§ WHAT YOU NEED TO DO
Return exactly, please, the line that contains "asos red backless" and every line after it through the end of the material that follows, leaving pictures aside.

§ COLLECTED MATERIAL

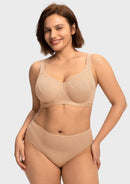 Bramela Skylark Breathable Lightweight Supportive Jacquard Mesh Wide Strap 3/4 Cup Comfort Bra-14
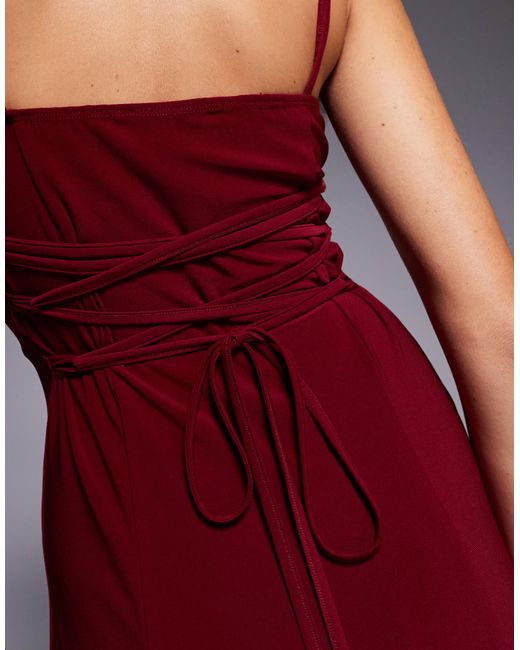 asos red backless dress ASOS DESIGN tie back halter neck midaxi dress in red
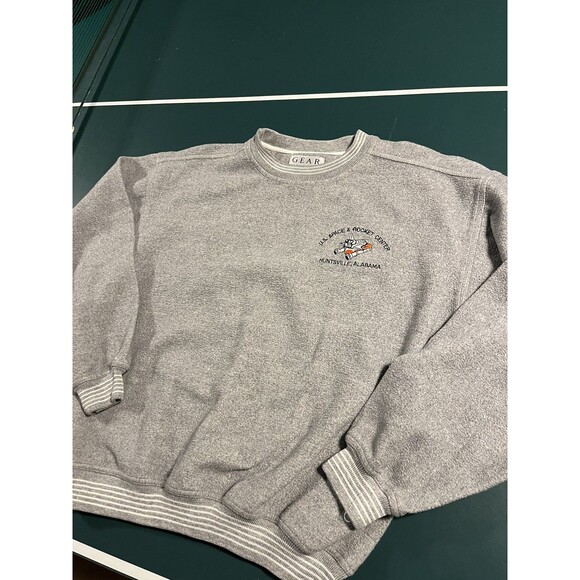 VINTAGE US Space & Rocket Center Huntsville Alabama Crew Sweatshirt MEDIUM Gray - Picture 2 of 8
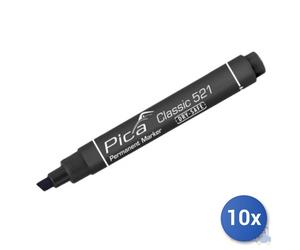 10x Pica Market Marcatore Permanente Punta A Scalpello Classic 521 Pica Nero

§ PROBLEM SOLUTION
 asos red backless dress ASOS DESIGN tie back halter neck midaxi dress in red
 VINTAGE US Space & Rocket Center Huntsville Alabama Crew Sweatshirt MEDIUM Gray - Picture 2 of 8
 10x Pica Market Marcatore Permanente Punta A Scalpello Classic 521 Pica Nero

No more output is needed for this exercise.